UnpicklingError on comm.recv after iprobe

Issue #102 resolved
Stephen created an issue

In reference to the working example below, I have an Intermittent error on the comm.recv:

_pickle.UnpicklingError: invalid load key, '\x00'.

The messages includes a numpy array, along with some other information, in a dictionary. The total message sizes in the actual code is around 1.6MB. I have made this about 8MB in the example. I have got this error on as few as 4 processor runs, though it usually occurs on much larger parallel runs.

"""Standalone comms test

Testing for message errors and correctness of data

from __future__ import division
from __future__ import absolute_import

from mpi4py import MPI
import sys, os        
import numpy as np
import time

num_workers = MPI.COMM_WORLD.Get_size() - 1
rank = comm.Get_rank()
worker_ranks = set(range(1,MPI.COMM_WORLD.Get_size()))
rounds = 20
total_num_mess = rounds*num_workers

array_size = int(1e6)   # Size of large array in sim_specs

sim_specs = {'out': [
                     ('scal_val',float), #Test if get error without this

start_time = time.time()

if rank == 0:
    print("Running comms test on {} processors with {} workers".format(MPI.COMM_WORLD.Get_size(),num_workers))
    status = MPI.Status()
    alldone = False
    mess_count = 0
    while not alldone:
        for w in worker_ranks:
            if comm.Iprobe(source=w, tag=MPI.ANY_TAG, status=status):
                D_recv = comm.recv(source=w, tag=MPI.ANY_TAG, status=status)
                mess_count += 1

                #To test values
                x = w * 1000.0
                assert np.all(D_recv['arr_vals'] == x), "Array values do not all match"
                assert D_recv['scal_val'] == x + x/1e7, "Scalar values do not all match"
        if mess_count >= total_num_mess:
            alldone = True

    print('Manager received and checked {} messages'.format(mess_count))        
    print('Manager finished in time', time.time() - start_time)

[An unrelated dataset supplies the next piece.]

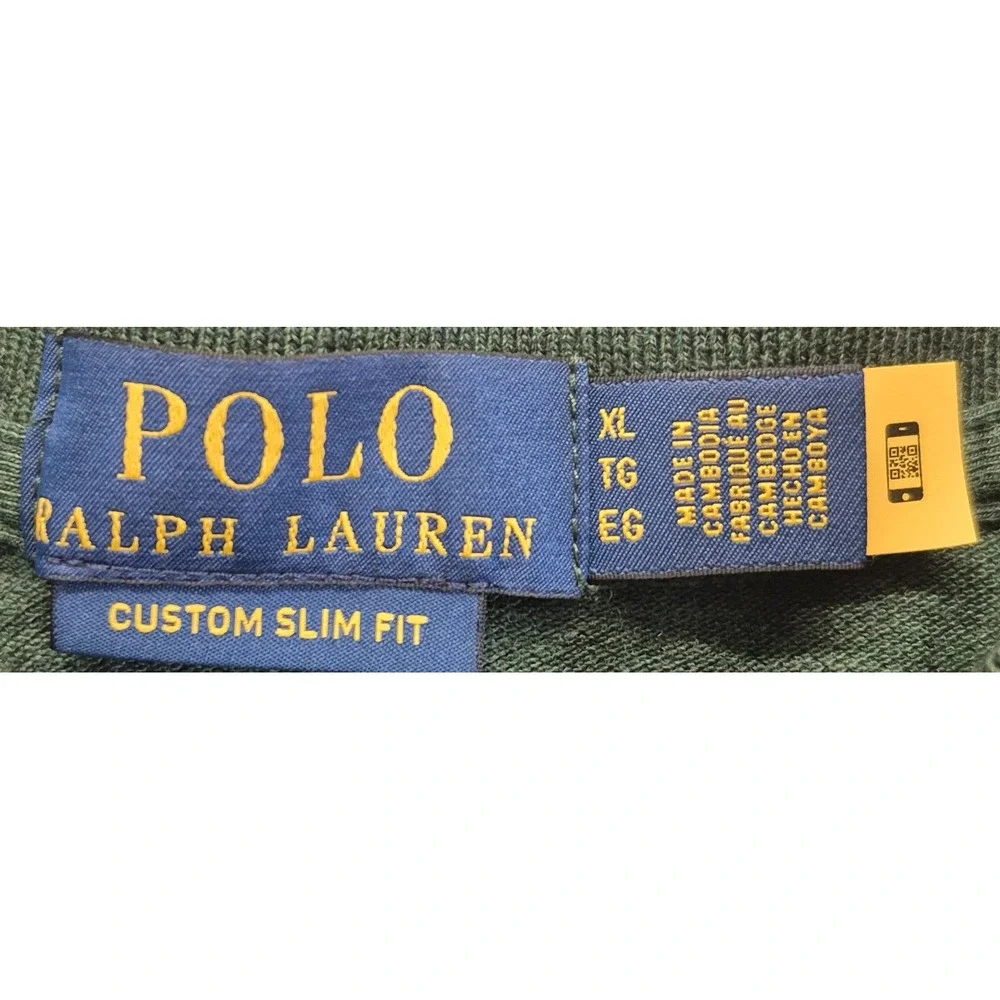 Polo Ralph Lauren Custom Slim Fit men's green polo XL red pony logo 100% Cotton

    output = np.zeros(1,dtype=sim_specs['out'])
    for x in range(rounds):
        x = rank * 1000.0
        output['scal_val'] = x + x/1e7
        comm.send(obj=output, dest=0)

System info:
A Cray CS400 cluster with KNLs.
Compiler: intel/17.0.4
Python 3.6.3 |Intel Corporation
CentOS Linux release 7.4.1708 (Core)
mpi4py v3.0.0
numpy 1.14.3
Env: export I_MPI_FABRICS=shm:ofa

What I have tried:

I have got the worker to dump/load the message to file using pickle with no errors. I also used MPI.pickle.dumps and MPI.pickle.loads with no errors at the worker end.

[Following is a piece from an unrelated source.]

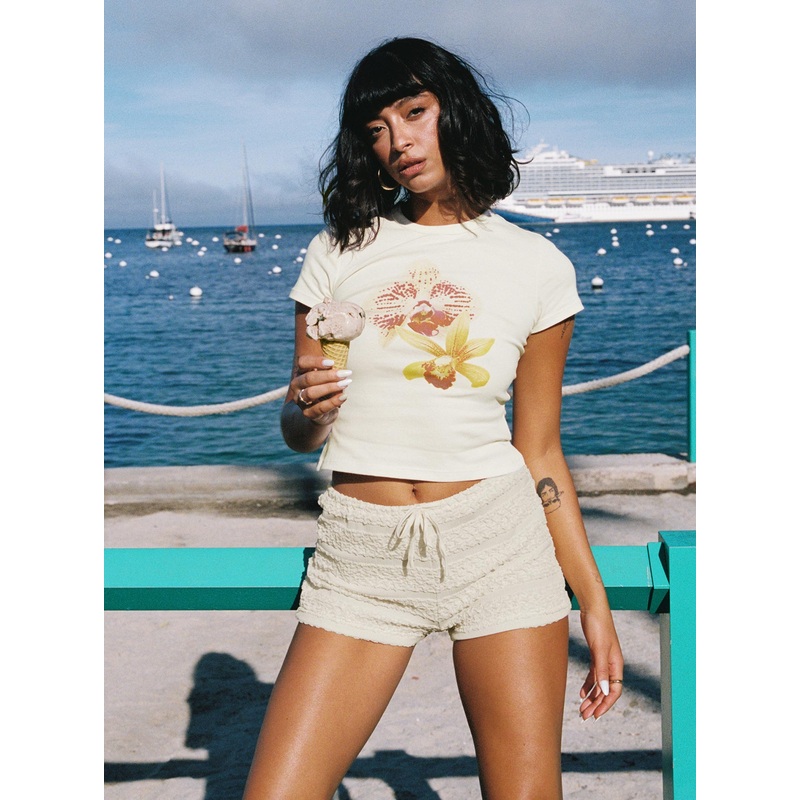 Pinup Broderie Micro Shorts Cream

I have also tried workarounds such as catching the error and getting the worker to resend the message, but this generally results in the error being repeated.

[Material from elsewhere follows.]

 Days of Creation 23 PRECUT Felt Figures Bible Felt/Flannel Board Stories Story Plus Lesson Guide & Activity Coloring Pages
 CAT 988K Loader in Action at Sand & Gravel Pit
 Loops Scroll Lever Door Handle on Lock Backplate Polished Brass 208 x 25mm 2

I have tried with default pickle and using dill.

from mpi4py import MPI  
import dill  
MPI.pickle.__init__(dill.dumps, dill.loads)  

I thought at first that using dill fixed it, as it wen't away, but it is still occurring, possibly less frequently.

Comments (5)

  1. Stephen reporter

    I will try turning off matching probes. However, I'm already using OFA fabric (I dont think OFI was available). When I used the default TMI, internode comms did not work at all.

  2. Stephen reporter

    I have tried a number of runs with the tmi fabric with matching probes disabled.

    import mpi4py
    mpi4py.rc.recv_mprobe = False

    and so far I have not got the error. This is complicated by the fact that I have a different problem running with tmi. Each of my MPI tasks is launching a job, and I cannot have more than 8 doing this at a time with tmi, or the jobs fail. I don't know why that is, but if I run within that constraint it is working.

  3. Lisandro Dalcin

    OK. So then I guess you can close this issue. Fortunately, I added a way to disable matching probes! If the Intel folks cannot support matching probes with some fabrics, we should at least get a hard failure, or at least a warning printed in stderr, or something, right?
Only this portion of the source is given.